Mit der Demonstration kämpft Heinz Mundt, zweiter Vorsitzender des inzwischen 90 Jahre alten Vereins, für seinen Klub. Vor sechs Wochen hatte Heinz Mundt von der geplanten Flüchtlingsunterkunft an der Nöggerathstraße erfahren – von Anwohnern. „Wir waren völlig überrumpelt, die Stadt hatte uns nicht informiert.“ Das Gelände pachtet der Verein seit 50 Jahren von der Stadt, diese wolle den Vertrag nun kündigen.
Was das für die Hundesportler bedeutet? „Klipp und klar das Aus.“ Denn der DVG Essen-West müsste das Grundstück als Grünfläche zurückgeben und das Vereinsheim auf eigene Kosten abreißen. „Das würde uns finanziell ruinieren und alternative Plätze gibt es nicht.“
Die Bezirksvertretung hatte im Januar den Platz besichtigt und steht seitdem hinter den Hundesportlern. „Wir werden uns für den Erhalt des Vereins einsetzen“, verkündet Doris Eisenmenger, stellvertretende Bezirksbürgermeisterin von den Grünen.

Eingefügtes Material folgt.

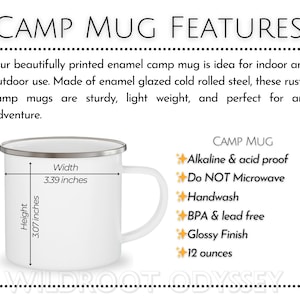 Camp Mug Size Chart, Silver Rim Enamel Mug Mockup, Mug Size Chart, Digital Download, Instant Download, Mug Mockups, White color, Mug Mock up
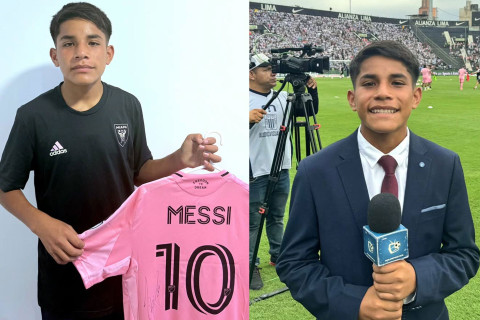 Messi Libertadores Kubokunu dağ başıdan canlı yayımlayan şərhçi ilə görüşdü - VİDEO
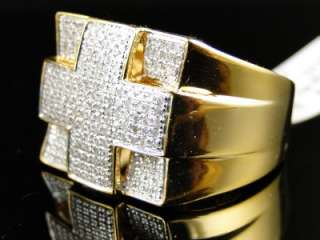 MENS YELLOW GOLD FINISH REAL CROSS PINKY DIAMOND DESIGNER RING 1 CT 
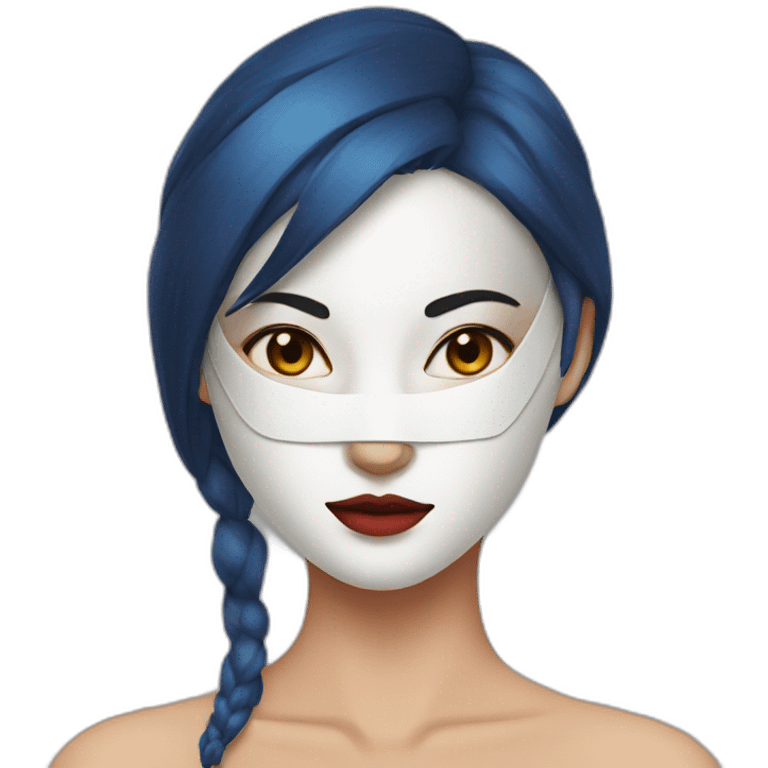 women wearing half kitsune mask blue eyes emoji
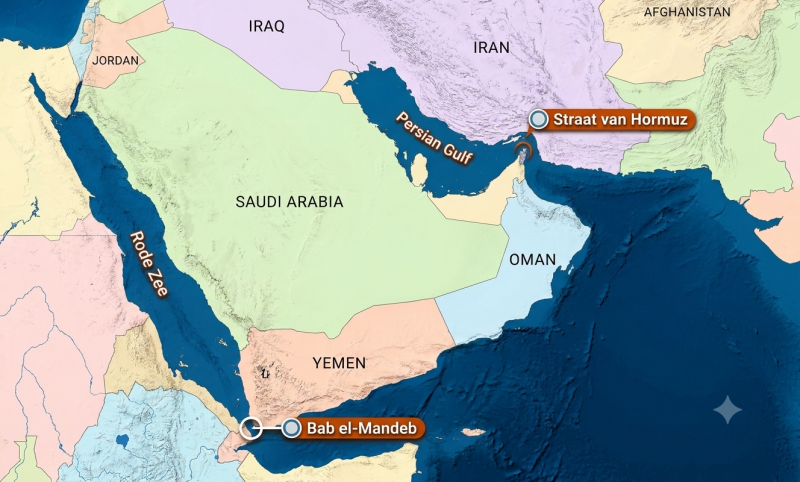 Landkaart Saoedi-Arabie, Jemen, Oman en zeeen (@Gemini-AI-impressie) 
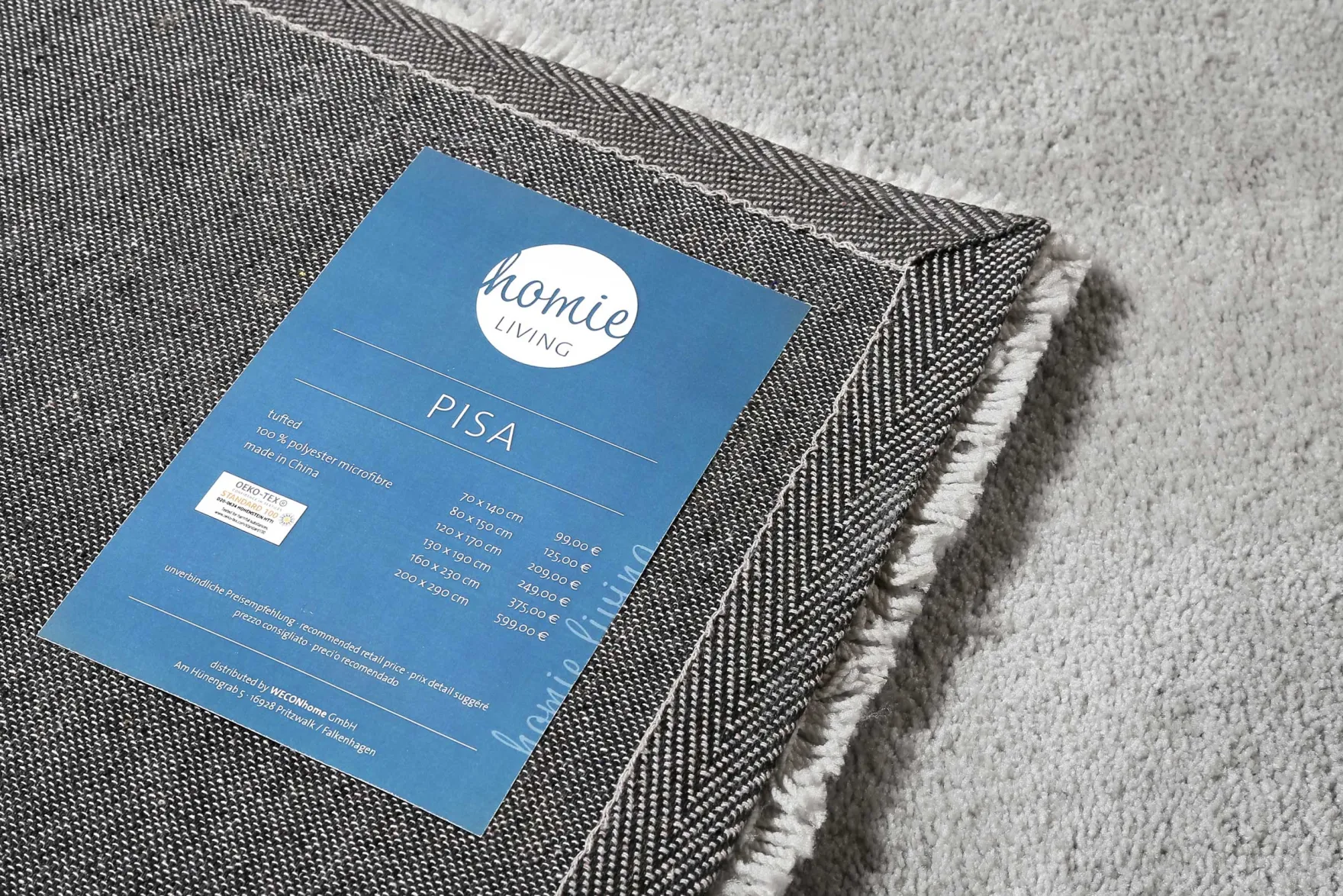 Teppich Hellgrau Hochflor "Pisa" Homie Living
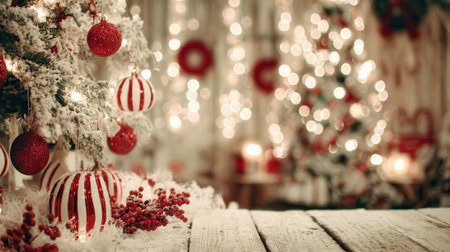 A beautifully decorated Christmas tree with red ornaments and berries, set against a backdrop of soft, glowing lights, evoking a warm and festive holiday atmosphere.の素材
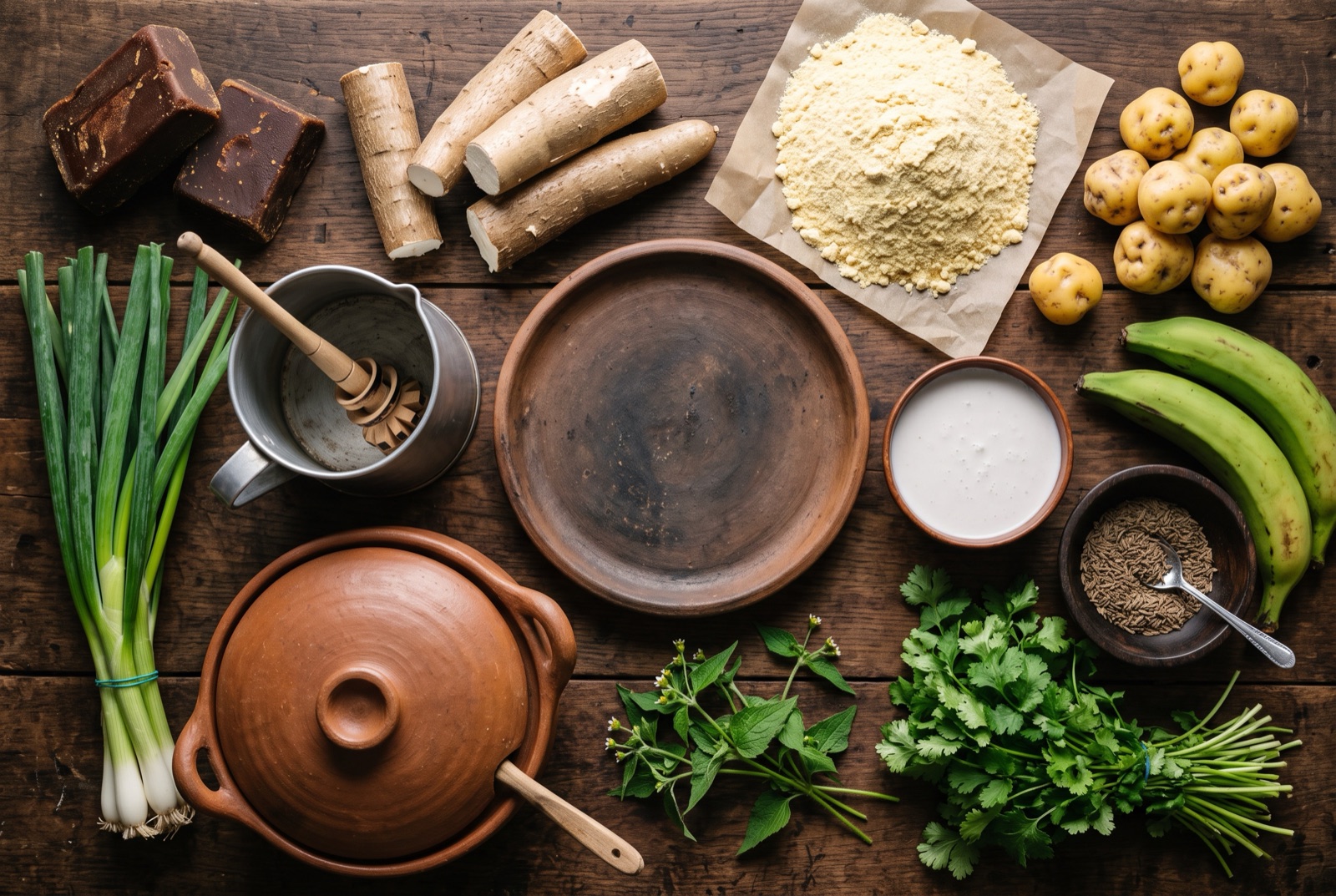 Colombian kitchen staples arranged on a dark surface — panela blocks, masarepa, plantains, cassava and long scallions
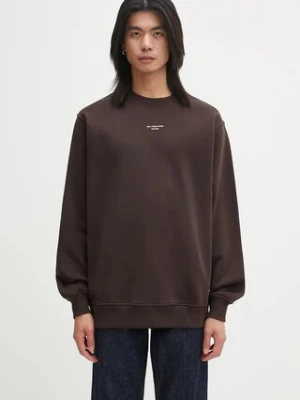 Drôle de Monsieur bluza bawełniana Le Sweatshirt Slogan Classique męska kolor brązowy gładka I.SW148.CO127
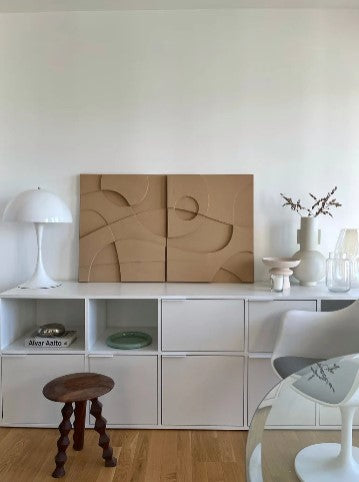 3D Abstract Relief Wall Art – Home Decor Sculpture - (Set of 2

Man dürfe solche Lebensmittelpunkte nicht angreifen, zumal der Essener Norden mit Flüchtlingsunterkünften genug belastet sei. Auch Lothar Föhse von der CDU-Fraktion spricht sich für den Hundeverein aus, um den „sozialen Frieden“ zu wahren. Die Entscheidung fällt in der Ratssitzung am 24. Februar.
Verweis auf Leerstand
Heinz Mundt, zweiter Vorsitzender des Vereins, sieht für die Unterbringung der Flüchtlinge durchaus Alternativen: „Essen hat einen Leerstand von 8000 Wohnungen – warum können die nicht genutzt werden?“ Mit seiner Meinung steht er nicht alleine da. In einer Petition hat er für seinen Verein schon mehr als 4500 Unterschriften gesammelt.
Und auch bei der Demonstration am Sonntag läuft ein ganzer Trupp durch den Altendorfer Regen. Obwohl Heinz Mundt sich über die rege Teilnahme freut, fürchtet er, dass die Aktion von Flüchtlingsgegnern missbraucht werden könnte. „Wir müssen Leuten helfen, die in Not sind.“ Doch beim demonstrativen Spaziergang bleibt – bis auf ein bisschen Bellen – alles ganz ruhig.